Michael W. O'Neill, University of Houston Cullen Distinguished Professor of Civil Engineering, will receive the 2002 Distinguished Service Award from the Deep Foundations Institute at the organization's 27th annual conference Thursday, Oct. 10 at the Del Coronado Hotel in San Diego, Calif.

The award recognizes O'Neill for his exceptional contributions to the deep foundations industry, an exceptional accomplishment for a university scholar. Throughout the 22-year history of the award, the recipient has typically been an industry practitioner. O'Neill is only the fifth university professor to claim the prize.

O'Neill, who holds a Ph.D. from the University of Texas at Austin, has 40 years of experience in applied research and consulting in deep foundations, soil properties, engineering design and field testing of foundation systems. He has won numerous honors and awards, including being named the 1998 Karl Terzaghi Lecturer for the American Society of Civil Engineers.

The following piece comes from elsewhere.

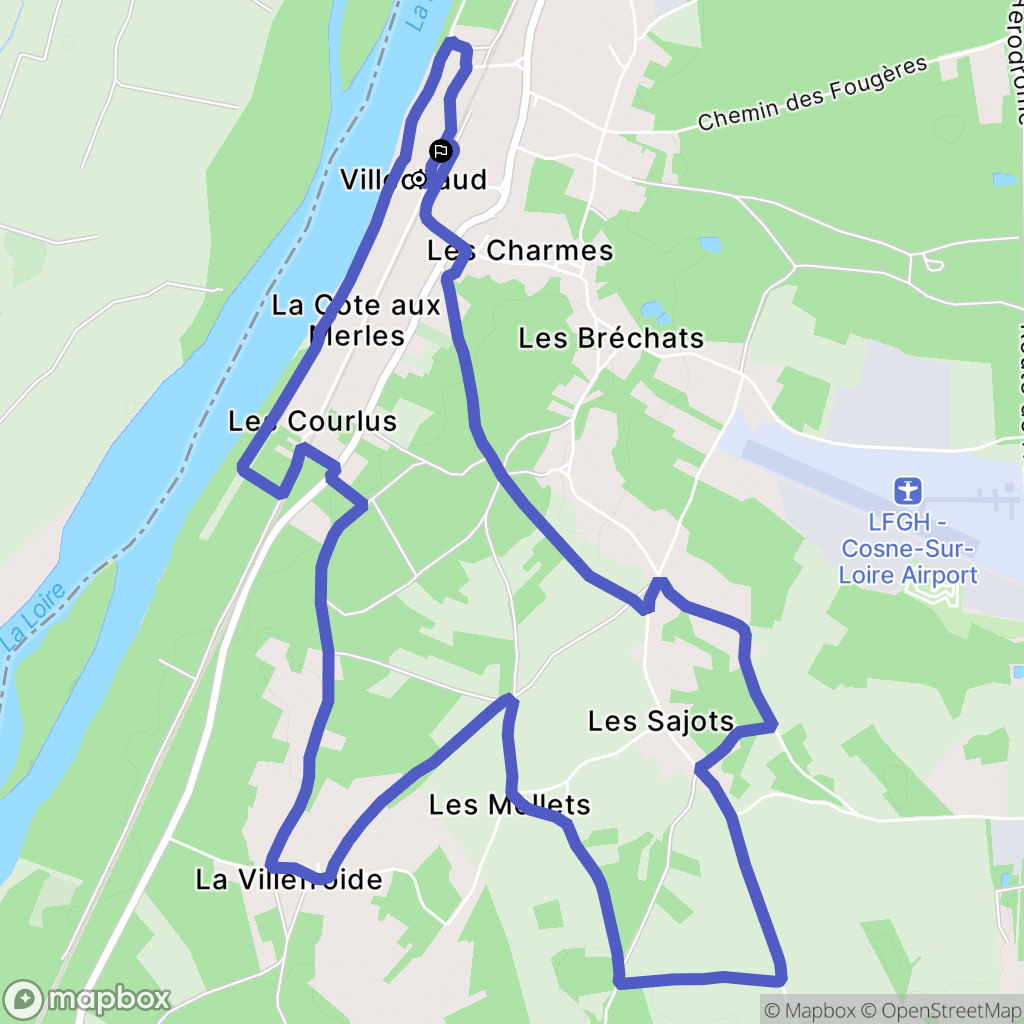 Cosne-Cours-sur-Loire: routekaart voor buitenactiviteiten - France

In addition, O'Neill has published more than 200 papers and peer-reviewed reports on foundations and soil mechanics since 1964. He is the co-author of a reference book on foundations for vibrating machines and the current Federal Highway Administration manual on drilled shafts.

"Basically, what I've been trying to do during my career," says O'Neill, "is understand the behavior of deep foundations in just about every aspect: dynamic, static, the effect of installing the foundation on the soil properties, monitoring scour, how foundations interact with each other through the soil, group effects, how to enhance capacity, and electro-osmosis."

The hallmark of O'Neill's many achievements in the study of deep foundations stems back to a realization he had in graduate school.

"It dawned on me that the fundamental problem you had with deep foundations was determining the effect of constructing the foundation on the soil or the rock that you put it in," he says. "It's hard enough to try to characterize the soil--its stress-strain property, its strength, its compressibility--and it's even harder to figure out how the construction of the foundation effects those properties and what effect that has on the behavior of the foundation."

That realization catapulted O'Neill to a series of breakthroughs that still shape government regulations and industry practice across several areas, including deep water drilling, drilling on expansive soils, and strengthening bridge foundations in flood-prone areas.

O'Neill's current interests lie in rapid construction.

"The more quickly you can construct something or retrofit it, the better it is," O'Neill says. "It saves money, it's less lost time for traffic, and it's less bothersome to the surrounding community. The key to good rapid construction is reducing the coring, the amount of drilling in rock or soil. Solving this problem will help foundation construction in virtually every city in the country."